## Provided records

= Beginning of Section =

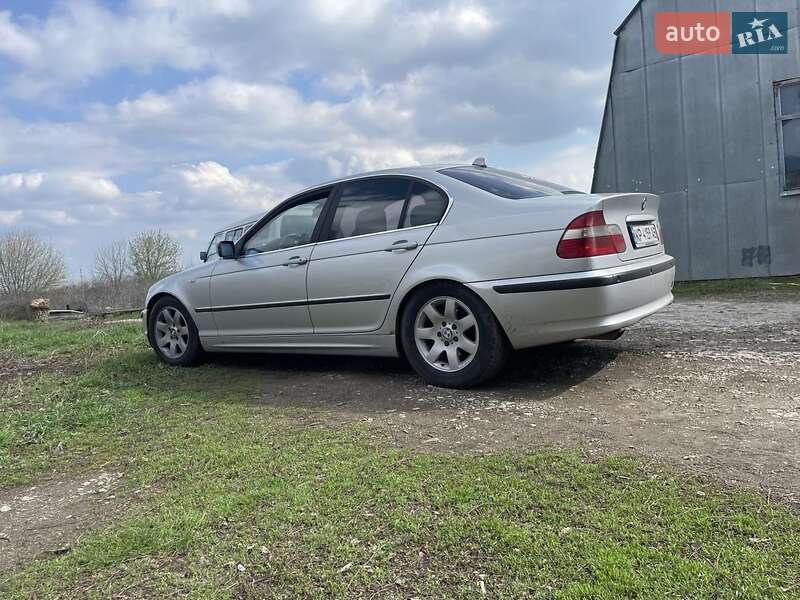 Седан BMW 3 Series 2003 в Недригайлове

= End of Section =
= Beginning of Section =

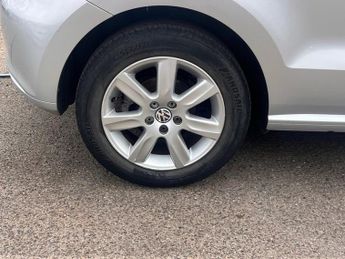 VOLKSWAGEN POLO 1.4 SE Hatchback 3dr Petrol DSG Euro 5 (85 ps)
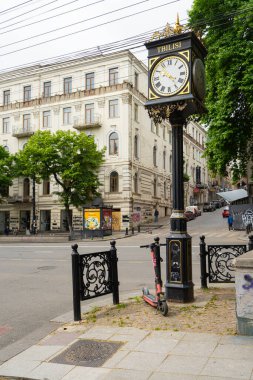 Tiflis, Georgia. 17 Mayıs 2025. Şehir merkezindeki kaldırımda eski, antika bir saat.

= End of Section =
= Beginning of Section =

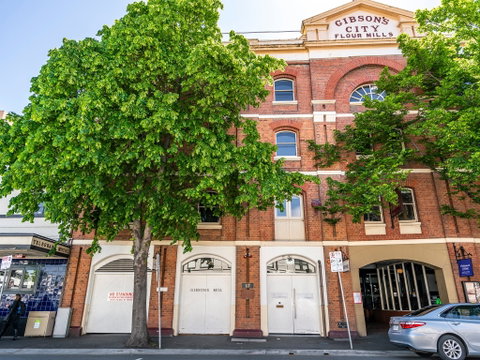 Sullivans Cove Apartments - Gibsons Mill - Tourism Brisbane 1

= End of Section =

## What needs to be done
Of the lines above, copy only those from the one holding "VOLKSWAGEN POLO 1.4" to the one holding "Tiflis, Georgia. 17", both included, and exclude every image.

## Response
 VOLKSWAGEN POLO 1.4 SE Hatchback 3dr Petrol DSG Euro 5 (85 ps)
 Tiflis, Georgia. 17 Mayıs 2025. Şehir merkezindeki kaldırımda eski, antika bir saat.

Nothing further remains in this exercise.